━━━━━ Information shown
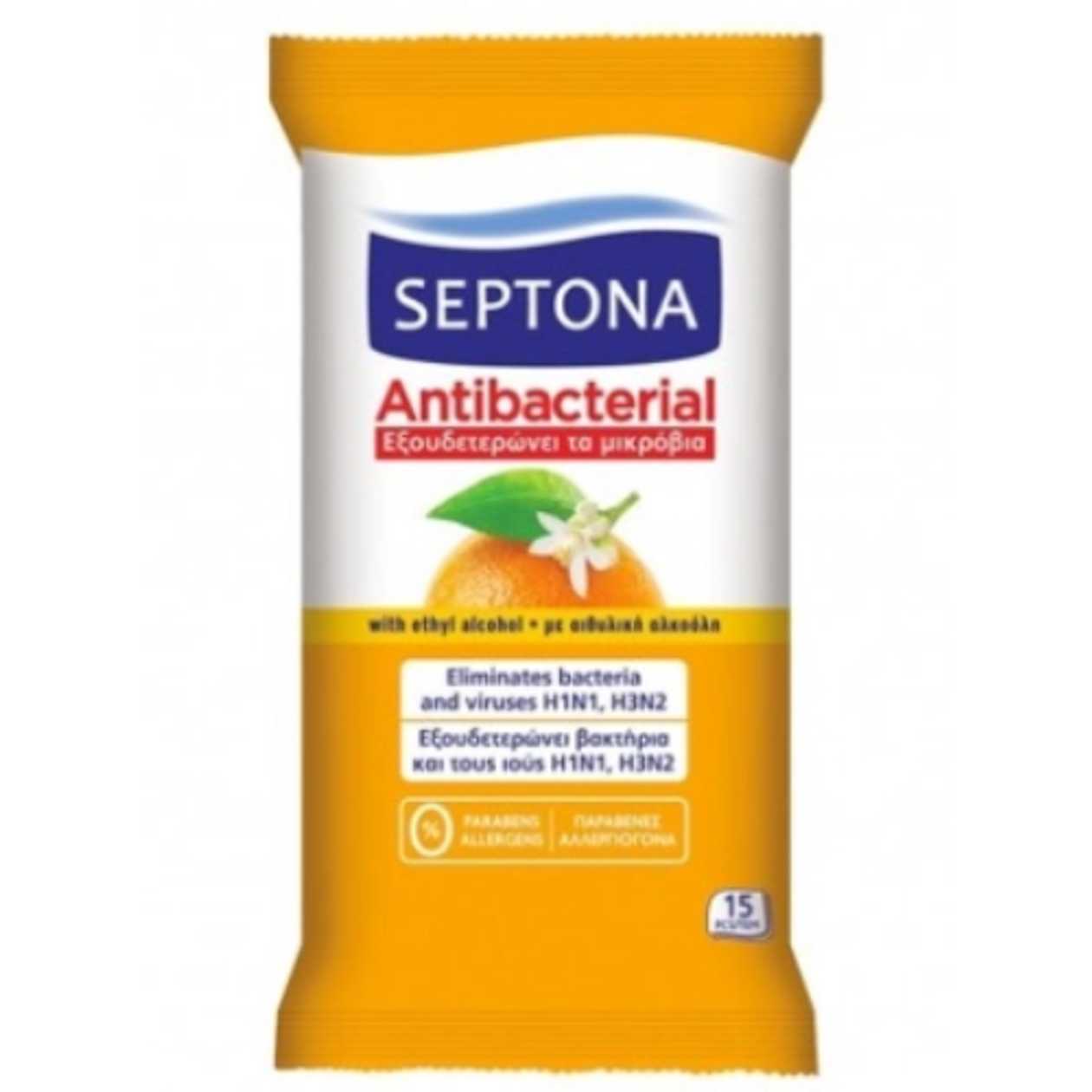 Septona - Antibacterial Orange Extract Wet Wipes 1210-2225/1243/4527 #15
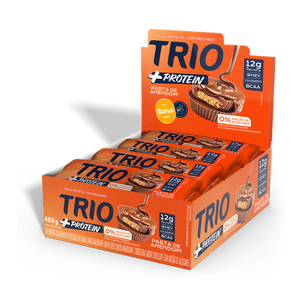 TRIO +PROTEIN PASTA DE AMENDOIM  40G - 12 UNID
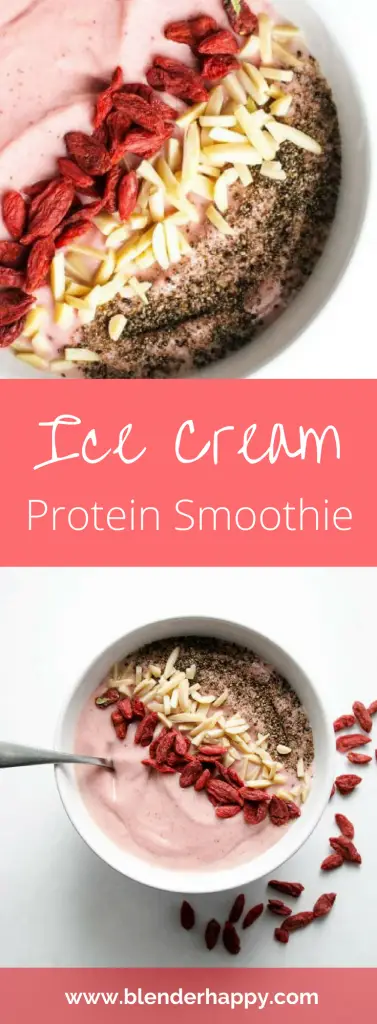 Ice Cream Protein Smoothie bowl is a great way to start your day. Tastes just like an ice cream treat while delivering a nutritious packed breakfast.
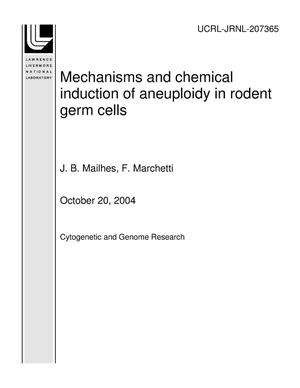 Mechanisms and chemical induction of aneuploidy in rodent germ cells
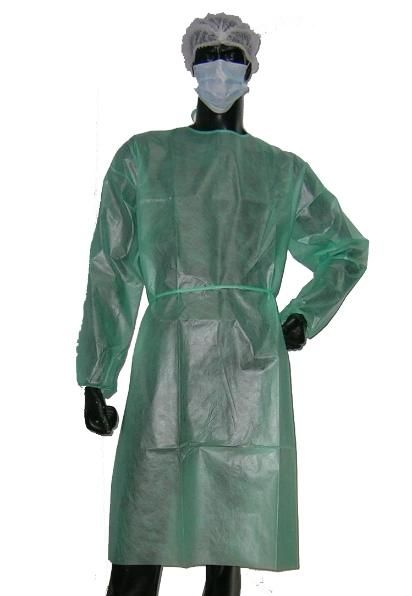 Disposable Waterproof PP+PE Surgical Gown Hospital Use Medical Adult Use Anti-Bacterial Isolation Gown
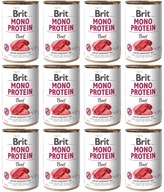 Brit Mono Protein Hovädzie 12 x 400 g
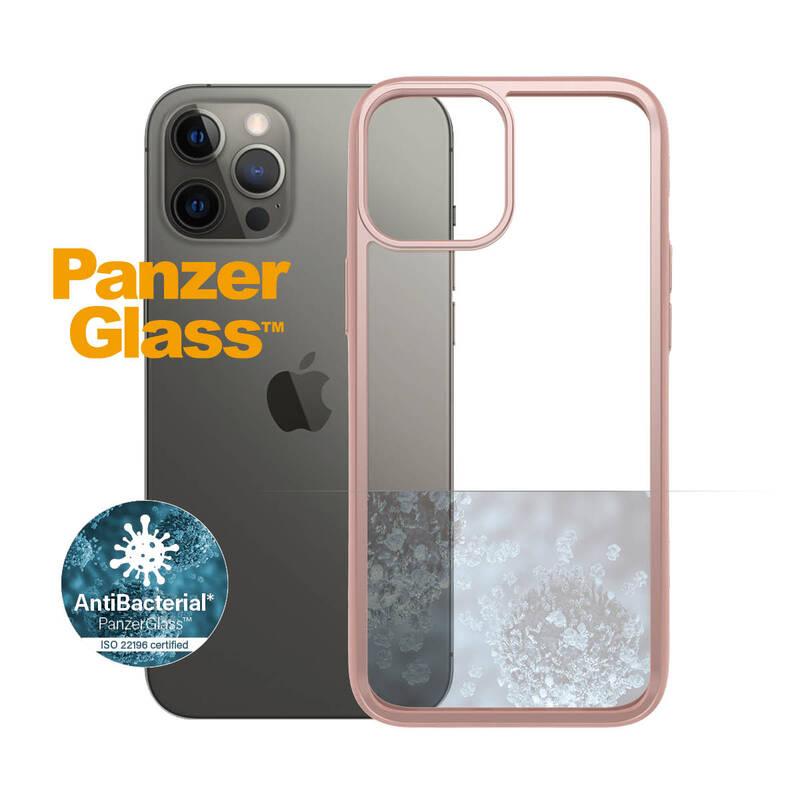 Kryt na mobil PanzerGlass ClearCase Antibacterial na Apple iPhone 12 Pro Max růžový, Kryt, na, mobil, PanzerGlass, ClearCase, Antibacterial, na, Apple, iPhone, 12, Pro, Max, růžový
━━━━━━━━━━
Problem requirements:
Each entry is to be transcribed verbatim, and any picture in it is to be skipped.

Solution for this exercise:
 Septona - Antibacterial Orange Extract Wet Wipes 1210-2225/1243/4527 #15
 TRIO +PROTEIN PASTA DE AMENDOIM  40G - 12 UNID
 Ice Cream Protein Smoothie bowl is a great way to start your day. Tastes just like an ice cream treat while delivering a nutritious packed breakfast.
 Mechanisms and chemical induction of aneuploidy in rodent germ cells
 Disposable Waterproof PP+PE Surgical Gown Hospital Use Medical Adult Use Anti-Bacterial Isolation Gown
 Brit Mono Protein Hovädzie 12 x 400 g
 Kryt na mobil PanzerGlass ClearCase Antibacterial na Apple iPhone 12 Pro Max růžový, Kryt, na, mobil, PanzerGlass, ClearCase, Antibacterial, na, Apple, iPhone, 12, Pro, Max, růžový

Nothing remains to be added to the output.